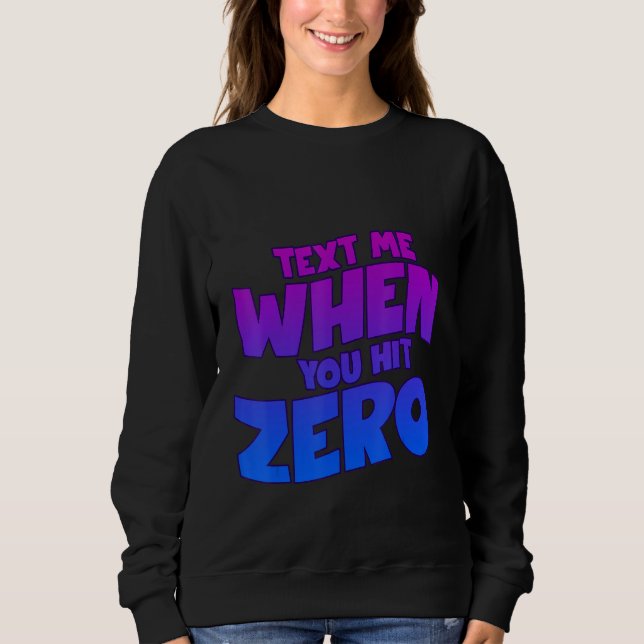 Text Me When You Hit Zero T Shirt (Framsida)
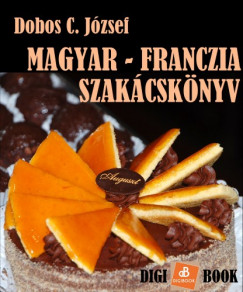 Dobos C. Jzsef - Magyar-Franczia szakcsknyv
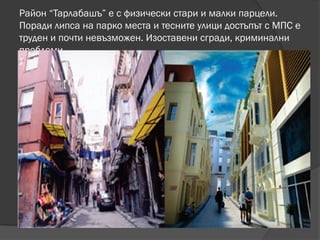 Район “Тарлабашъ” е с физически стари и малки парцели.
Поради липса на парко места и тесните улици достъпът с МПС е
труден и почти невъзможен. Изоставени сгради, криминални
проблеми
 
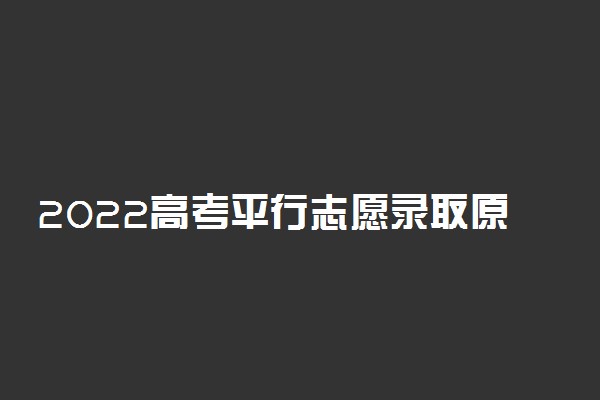 2022高考平行志愿录取原则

====================

- **Task instructions**:
Repeat each entry above exactly, passing over any images.

- **Reply to the task**:
 Text Me When You Hit Zero T Shirt (Framsida)
 Dobos C. Jzsef - Magyar-Franczia szakcsknyv
 Район “Тарлабашъ” е с физически стари и малки парцели.
Поради липса на парко места и тесните улици достъпът с МПС е
труден и почти невъзможен. Изоставени сгради, криминални
проблеми
 
 2022高考平行志愿录取原则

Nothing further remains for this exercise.